Find the line containing "Pulsera de mujer" in the material below, then please transcribe it and each line after it exactly, without the pictures.

**Data provided**:
——————————

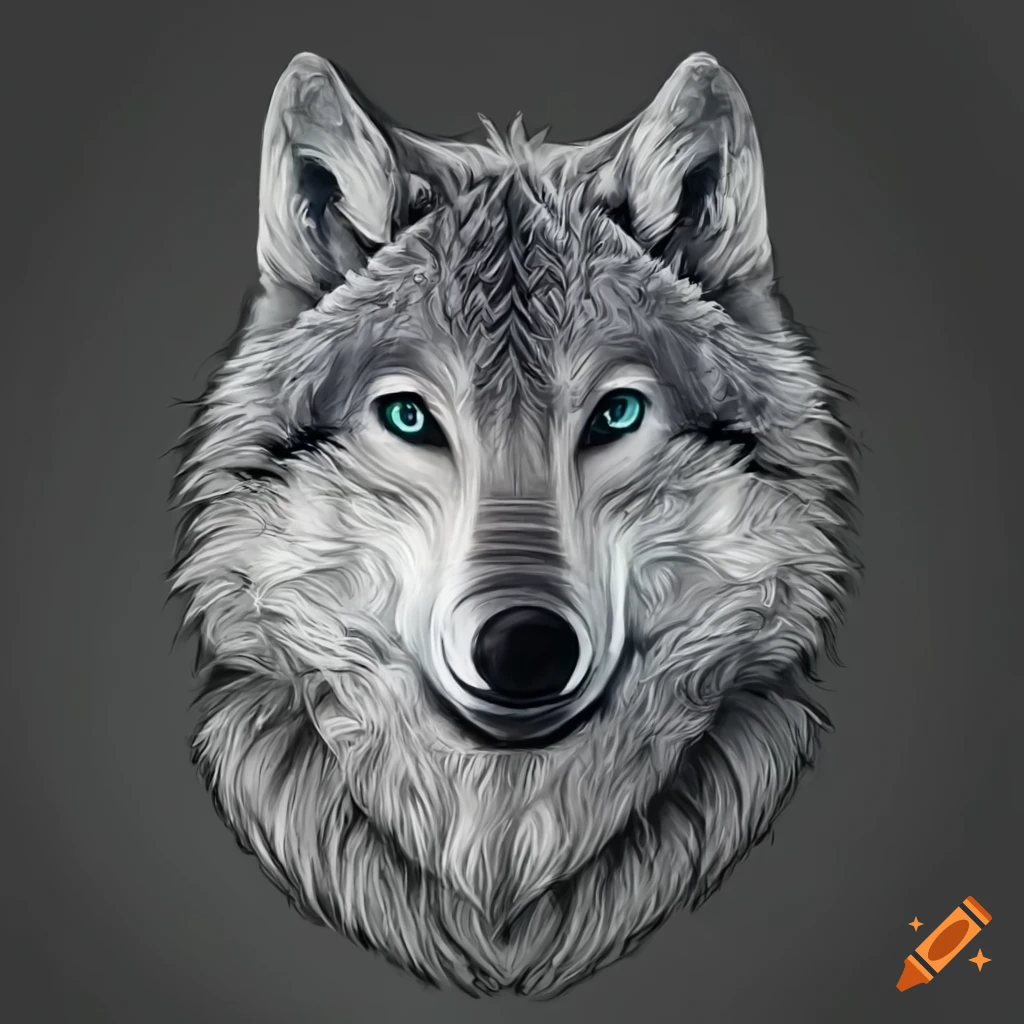 Celtic-inspired symmetrical black and white wolf head design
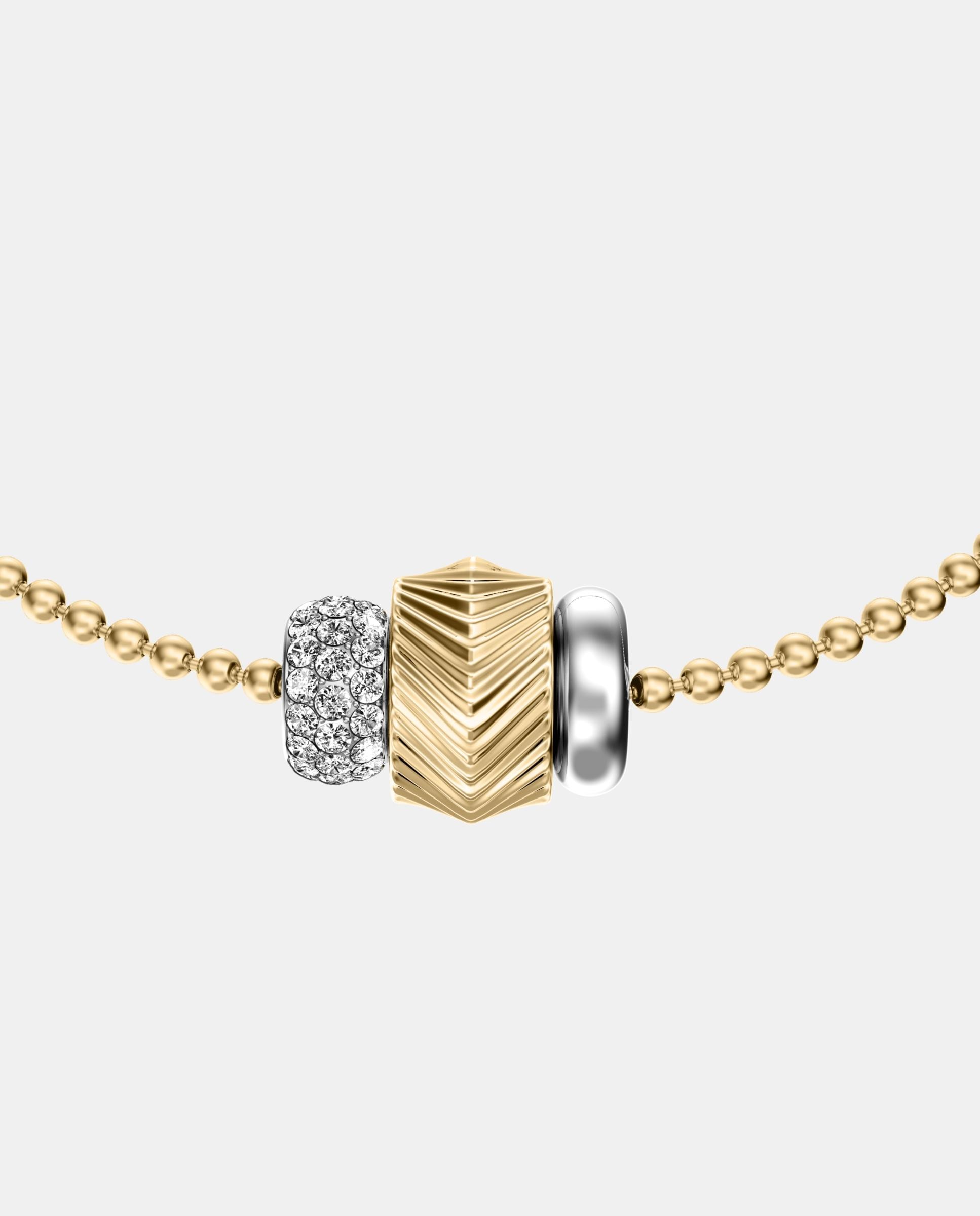 Pulsera de mujer de estaciones harlow en acero inoxidable con rondelles y perlas acrílicas - Fossil - Plateado Plateado-2
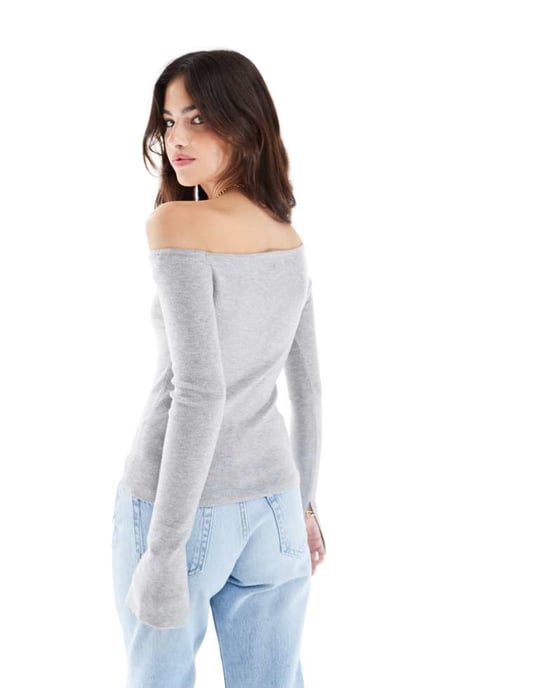 Cotton On everfine asymmetric long sleeve pullover knit in grey marle - Image 3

——————————

**Finished exercise**:
 Pulsera de mujer de estaciones harlow en acero inoxidable con rondelles y perlas acrílicas - Fossil - Plateado Plateado-2
 Cotton On everfine asymmetric long sleeve pullover knit in grey marle - Image 3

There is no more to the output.